Since the release of FB-Oculus‘ first of, what I expect will be, numerous iterations, of its mind-bending, reality-shifting, VR apparatus, much has been said by the mainstream media (Vox, Wired, New York Times, etc.) about the future of VR, and its immediate and long-term impact on the way in which we consume media. And while we at BOOM Salad are gratified to see these touchtones of 21st century, online journalism finally affirm something that we stated conclusively more than a month ago, it is clear that they are still struggling to understand the far-reaching implications of a world permeated by VR technology. By that I mean, VR is not 3-D Television. VR is legit, it’s coming, in fact, it’s here, and Oculus is just the beginning.
Unlike other entertainment devices, the uses of VR will not be confined to the realm of video-related entertainment. It will continue to evolve beyond its original focus to include whatever need or desire we have for a virtualized universe. In other words, there is no aspect of society that does stand to be affected in a significant way: education, politics, commerce, medicine, and of course, ART. VR has the potential to redefine the way in which humanity consumes reality.
A simple illustration: for the past two decades, most of the world’s greatest cultural centers have labored, with the best of intentions, to provide an immersive online environment via the web (see Figure 2). They have all failed for the same 2D reasons. With VR, their dream: to deliver an immersive, first-person-experience to anyone, anywhere in the world, just took its first big step forward to becoming a reality. Well, a virtual reality at least.
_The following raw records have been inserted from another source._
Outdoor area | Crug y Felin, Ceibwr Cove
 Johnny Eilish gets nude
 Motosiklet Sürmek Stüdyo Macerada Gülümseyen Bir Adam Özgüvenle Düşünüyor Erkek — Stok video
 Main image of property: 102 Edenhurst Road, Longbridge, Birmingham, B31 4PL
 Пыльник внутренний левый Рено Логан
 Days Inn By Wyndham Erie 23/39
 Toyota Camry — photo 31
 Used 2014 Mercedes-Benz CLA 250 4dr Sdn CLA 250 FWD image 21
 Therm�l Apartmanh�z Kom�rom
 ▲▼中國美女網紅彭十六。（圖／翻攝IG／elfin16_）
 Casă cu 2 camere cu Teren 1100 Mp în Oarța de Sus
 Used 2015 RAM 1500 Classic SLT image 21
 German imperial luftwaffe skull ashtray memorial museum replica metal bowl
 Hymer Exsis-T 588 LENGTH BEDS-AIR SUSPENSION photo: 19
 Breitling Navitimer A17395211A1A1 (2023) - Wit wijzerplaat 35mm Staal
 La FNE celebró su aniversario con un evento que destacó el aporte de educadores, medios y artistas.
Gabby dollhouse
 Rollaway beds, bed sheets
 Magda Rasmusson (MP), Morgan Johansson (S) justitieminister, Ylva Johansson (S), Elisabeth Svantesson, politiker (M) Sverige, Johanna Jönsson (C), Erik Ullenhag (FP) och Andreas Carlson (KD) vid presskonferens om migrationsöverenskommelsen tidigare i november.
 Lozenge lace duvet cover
Still, it will take more than a fancy headset that looks like your grandmother’s UV shields (see Figure 3) for the promise of a VR universe to be realized, and this is where other media sources seem hopelessly unaware. The most important component of the VR paradigm is not the magic goggles. Nope. An Oculus would be nothing without a delivery device to feed it content (see Figure 4).
For nearly 60 years, television has ruled the living room as the center of the home entertainment universe. But the emergence of media streaming services, like: Netflix, Youtube, and Amazon Instant Video, along with an ever-expanding global network delivering high-speed Internet service to the home, has revealed a growing number of threats to TV’s half a century long reign.
First, and foremost, as consumer behavior has adapted to the expanding role of the Internet as a vehicle for the delivery of media content, there has been a notable shift away from television as the primary viewing platform. This has been accompanied, and is in many ways symbolized, by the so-called, “[TV cable] cord cutting” movement we see growing in popularity throughout the world. It is now possible to watch “TV” programming on something other than a TV, such as a PC, tablet, or even a smartphone.
In saying this, we are giving form to a fundamental change now taking place which seeks to dismantle our decades old, TV-obsessed culture, and replace it with a spatial reconstruction in which television becomes just another option amongst a growing number of alternatives. In other words, with the emergence of app-based viewing platforms that rely on the Internet to deliver their content, the interdependent link between TV and the creation, consumption, and distribution of video media, including video games, has been broken.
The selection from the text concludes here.